Goodies and Baddies: Faith or a Vacuum? (Rodney Eivers)

  (10 July 17)

Goodies and Baddies: Faith or a Vacuum? 



Rodney Eivers argues the case for the kind of shared values that religion can create.



Several years ago I received a jolt to my view of the world and of human relationships. I had accepted a commonly stated position about Christianity that the world may have been fouled up by what has been done in the name of Christ over the centuries but if people really lived the Jesus way, all would be rosy. The problem was just that Christians did not practise what they preached. A Jewish Rabbi, Daniel Cohn-Sherbock, delivering an address to the Sea of Faith in Britain, set me back on my heels. Cohn-Sherbock argued that the unconditional love that Jesus preached is not the appropriate ethic for human society. His preference was for reciprocity.

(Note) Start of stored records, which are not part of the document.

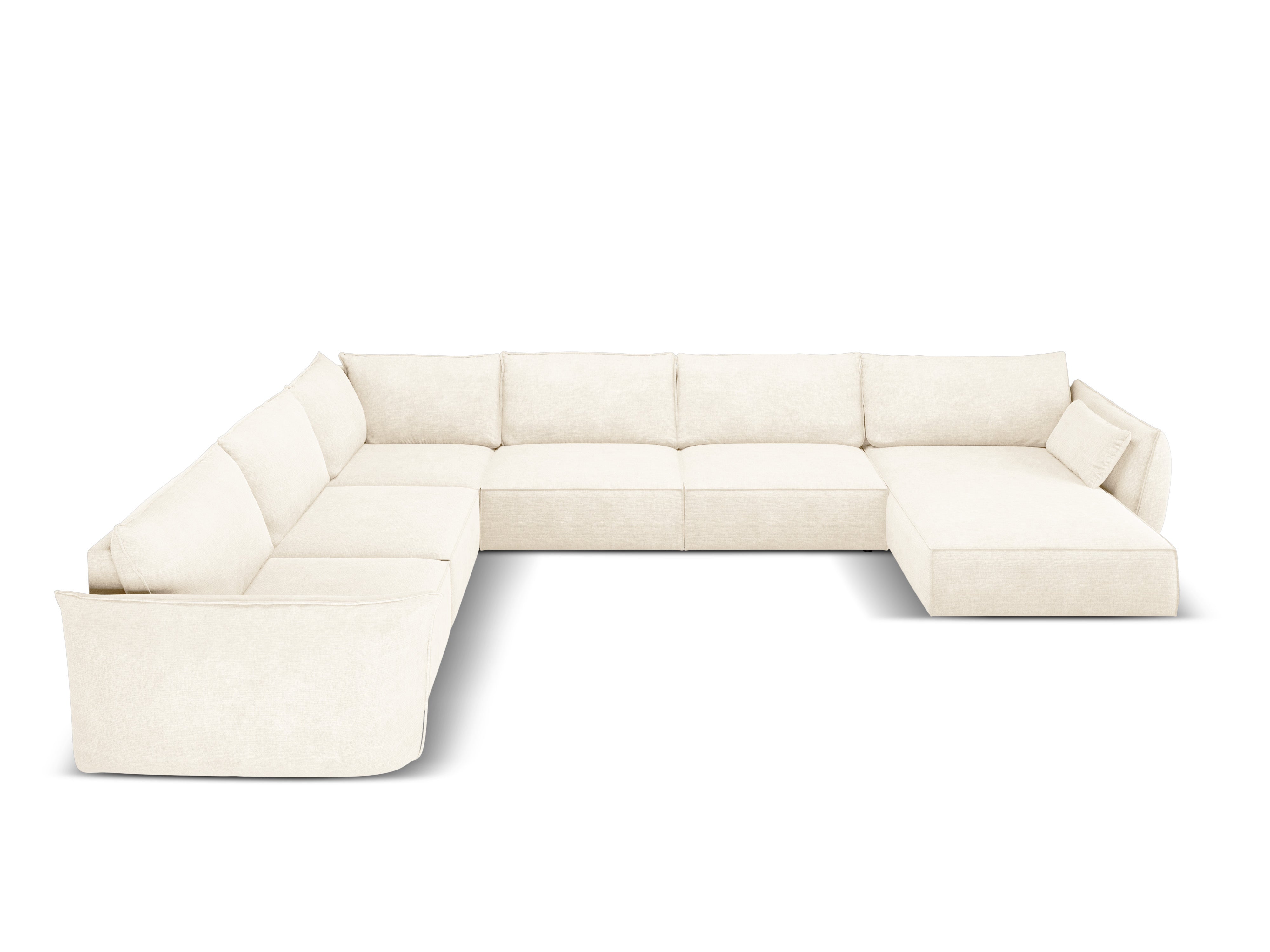 Eine Panorama -Ecke im Skinil -Stoff links leichte leichte beige vanda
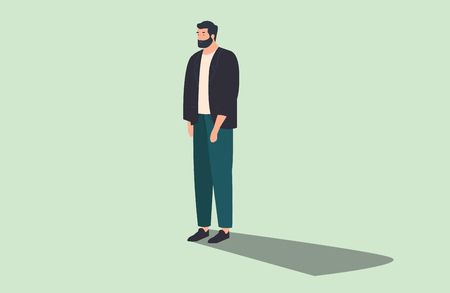 modern man standing isolated on background flat vector illustrationのイラスト素材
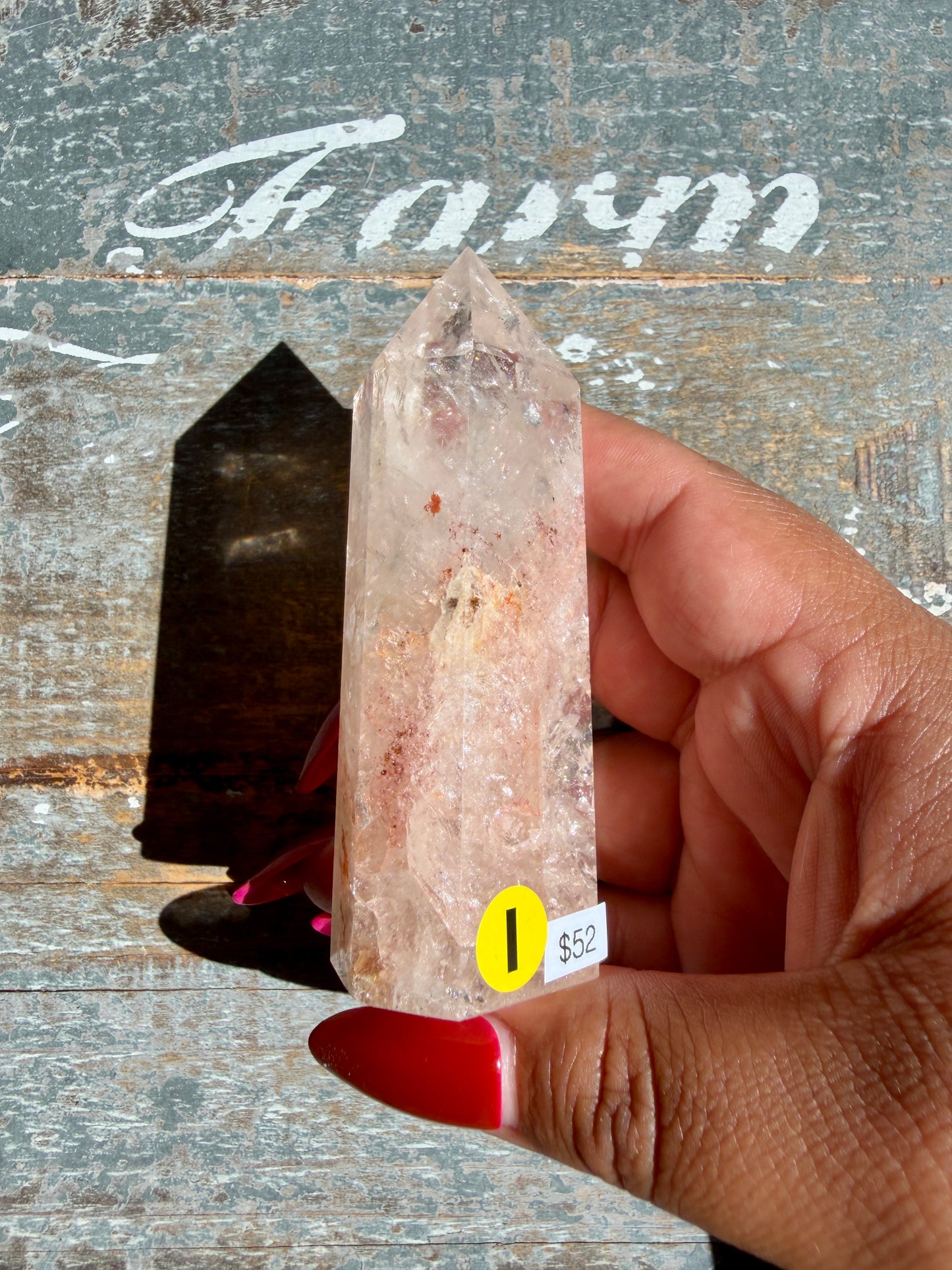 Clear Fire Quartz Tower (Subtle Pink Hue) | Opt I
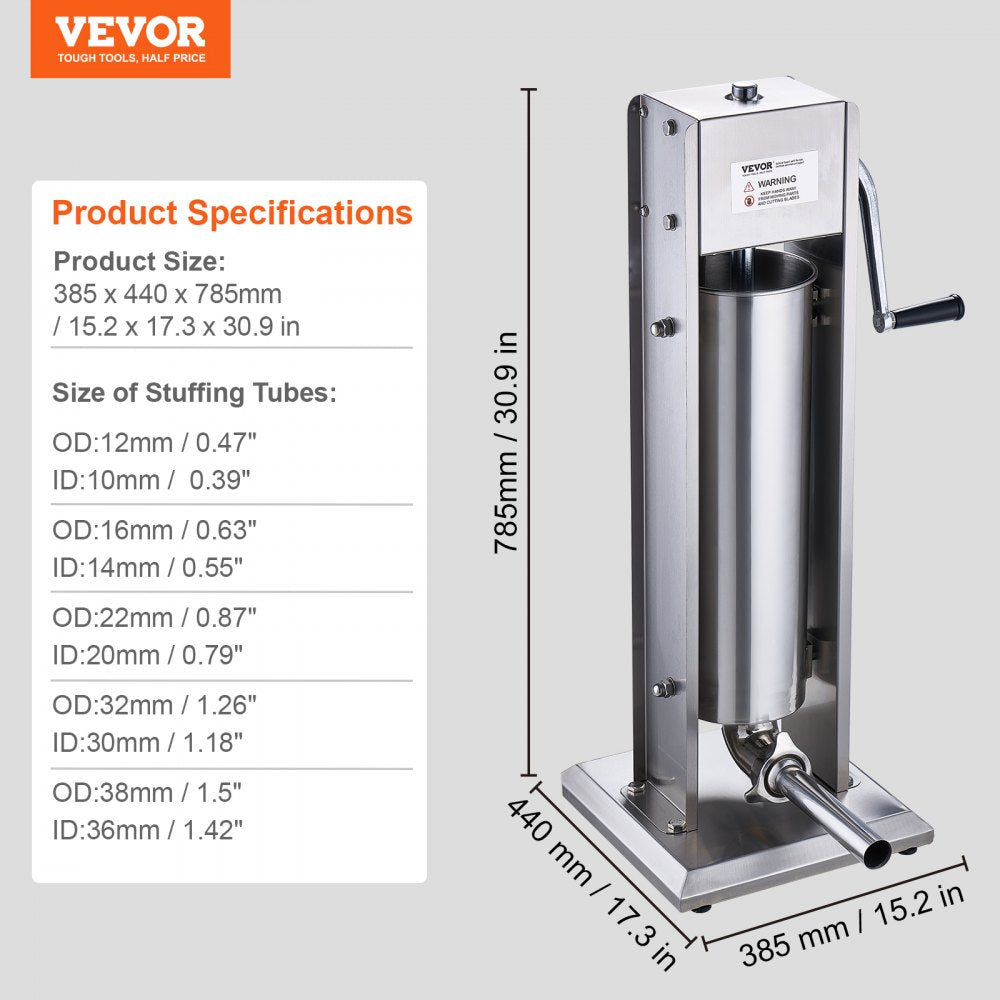 1A-SS715 - 7L Stainless Steel Manual Sausage Stuffer for High-Volume Use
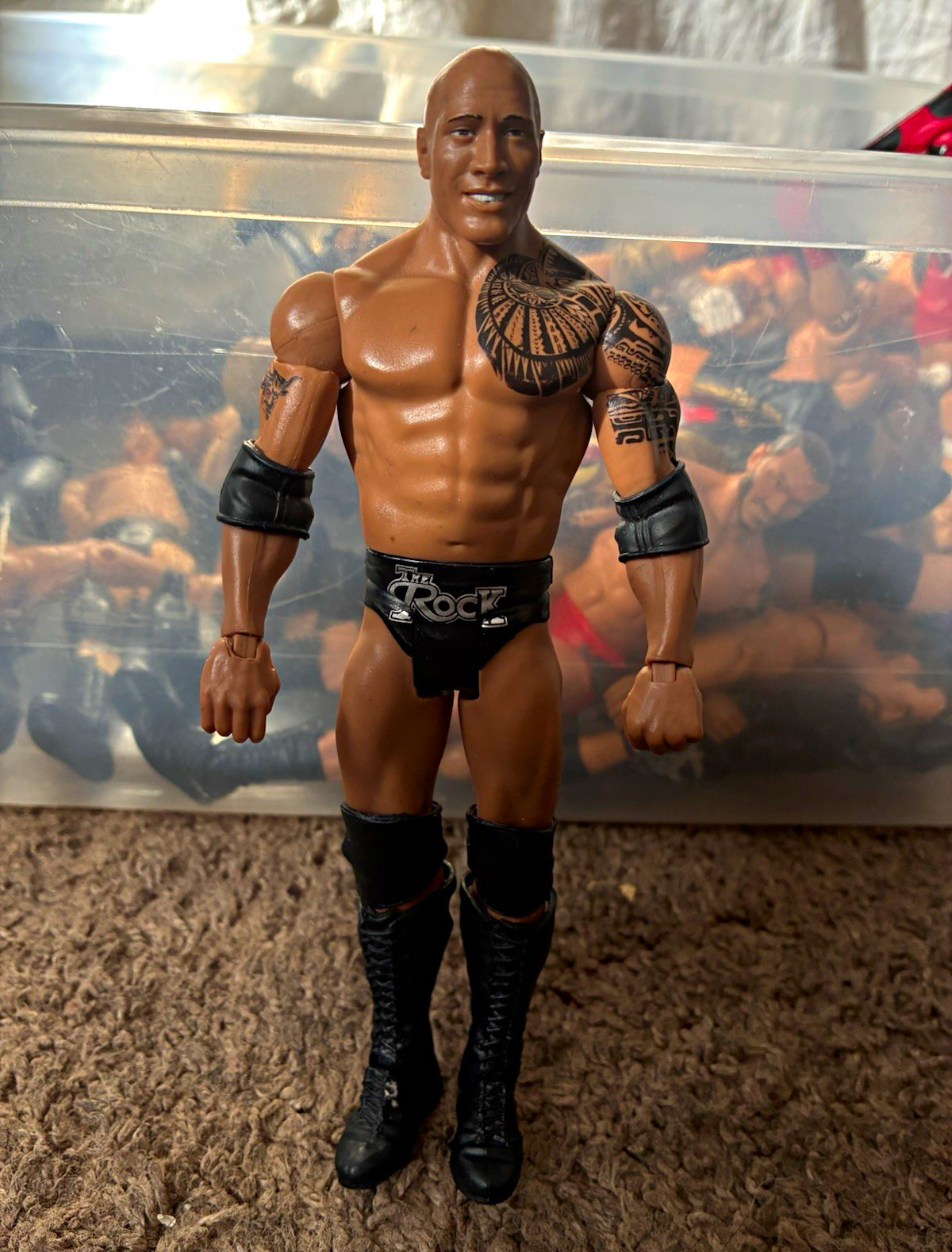 WWE The Rock Wrestling Action Figure Bull Logo Trunks Black Boots Adjustable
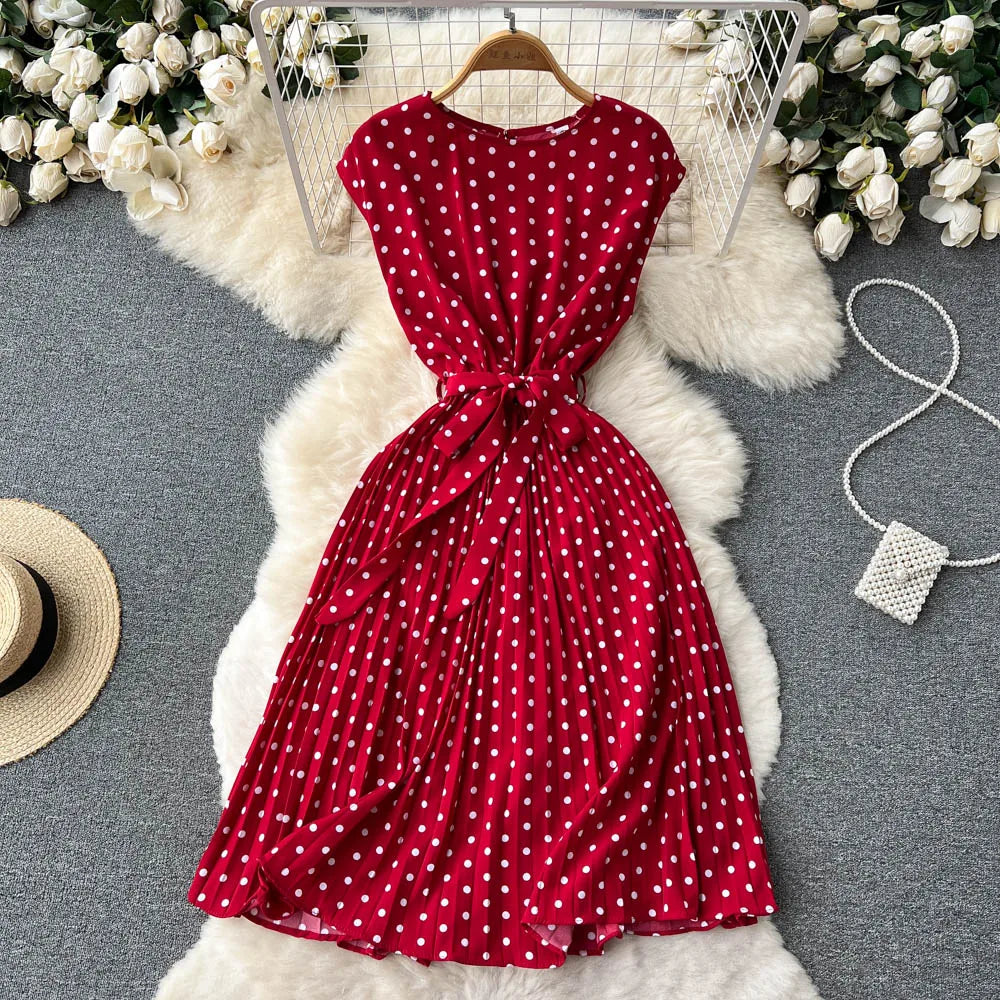 Neploe Summer Gentle Style French Retro Polka Dot Dress Sleeveless Lace Up Slim Waist Thin Vestido Sweet Pleated Femme Robe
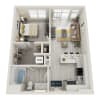 Floor plan: 1BD, 1BTH A3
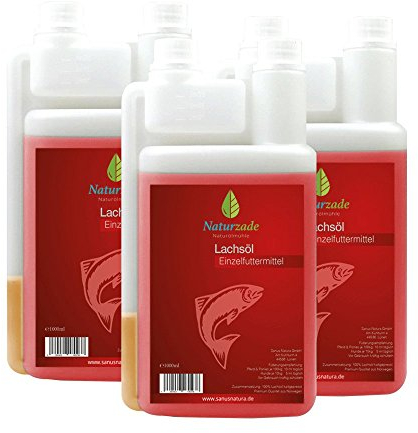 Naturzade Lachsöl 3 Liter (3X 1L) Dosierflasche für Hunde & Pferde mit Omega 3 und Omega 6 Fettsäuren, Fischöl Barföl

I respected Cohn-Sherbock and his views and had no reason to challenge his intellectual capacity and sincerity. So I pondered his well-reasoned argument for a couple of years. In the end I wrote down my thoughts in an article, published in the SoFiA Bulletin in September 2002. “The Ethic of Jesus – Is it all it’s cracked up to be?” [The article may still be accessed from the website – Ed.]. I concluded that for me the Jesus way was the way to go, not because of some divine command but for highly practical reasons.

A comparable experience has arisen for me in recent months through my membership of the Sofiatalk Internet chat line. The most popular topic for that group, for some time now, has been not so much the exploration of religion and faith as about the more fundamental question of whether religious faith has any place at all in modern society. There are a growing number of journalists and members of the public who support a notion that, on balance, religious faith does more harm than good. They have received strong backing in literary circles from writers including Richard Dawkins and Sam Harris whose books are currently on the lists of best sellers. A good case is being put for having a society without ideology. I must respect the views of these people. Nevertheless, they make me uneasy.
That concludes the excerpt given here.